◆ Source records
—————

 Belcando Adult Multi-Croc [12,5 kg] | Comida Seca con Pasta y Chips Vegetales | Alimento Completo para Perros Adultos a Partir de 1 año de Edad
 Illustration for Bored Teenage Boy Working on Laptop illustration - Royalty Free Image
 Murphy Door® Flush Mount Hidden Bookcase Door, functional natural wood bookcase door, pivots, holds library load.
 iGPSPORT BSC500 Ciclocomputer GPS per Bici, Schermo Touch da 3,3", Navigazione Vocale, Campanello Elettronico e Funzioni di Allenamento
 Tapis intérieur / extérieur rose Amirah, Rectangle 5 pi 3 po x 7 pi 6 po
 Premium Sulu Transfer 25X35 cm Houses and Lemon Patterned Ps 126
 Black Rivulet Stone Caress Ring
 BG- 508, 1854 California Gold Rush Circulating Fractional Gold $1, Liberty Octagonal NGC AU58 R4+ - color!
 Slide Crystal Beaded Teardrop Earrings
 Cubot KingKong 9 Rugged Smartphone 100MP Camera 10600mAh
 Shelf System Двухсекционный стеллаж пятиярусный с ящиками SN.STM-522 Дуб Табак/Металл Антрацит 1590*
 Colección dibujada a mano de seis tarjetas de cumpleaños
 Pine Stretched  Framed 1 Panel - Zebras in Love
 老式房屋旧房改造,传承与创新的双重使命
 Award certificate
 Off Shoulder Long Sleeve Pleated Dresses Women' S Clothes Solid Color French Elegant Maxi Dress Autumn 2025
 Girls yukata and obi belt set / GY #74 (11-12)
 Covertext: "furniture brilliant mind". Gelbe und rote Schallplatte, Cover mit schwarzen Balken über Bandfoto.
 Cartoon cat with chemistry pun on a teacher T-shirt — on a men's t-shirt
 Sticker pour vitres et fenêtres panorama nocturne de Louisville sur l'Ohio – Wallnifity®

—————

◆ ACTION ITEM
Find the line with "Tapis intérieur /" in the entries above. Retype it and each line after it, exactly, through the line with "Slide Crystal Beaded Teardrop Earrings", and stop there.

◆ RESPONSE TO THE EXERCISE
 Tapis intérieur / extérieur rose Amirah, Rectangle 5 pi 3 po x 7 pi 6 po
 Premium Sulu Transfer 25X35 cm Houses and Lemon Patterned Ps 126
 Black Rivulet Stone Caress Ring
 BG- 508, 1854 California Gold Rush Circulating Fractional Gold $1, Liberty Octagonal NGC AU58 R4+ - color!
 Slide Crystal Beaded Teardrop Earrings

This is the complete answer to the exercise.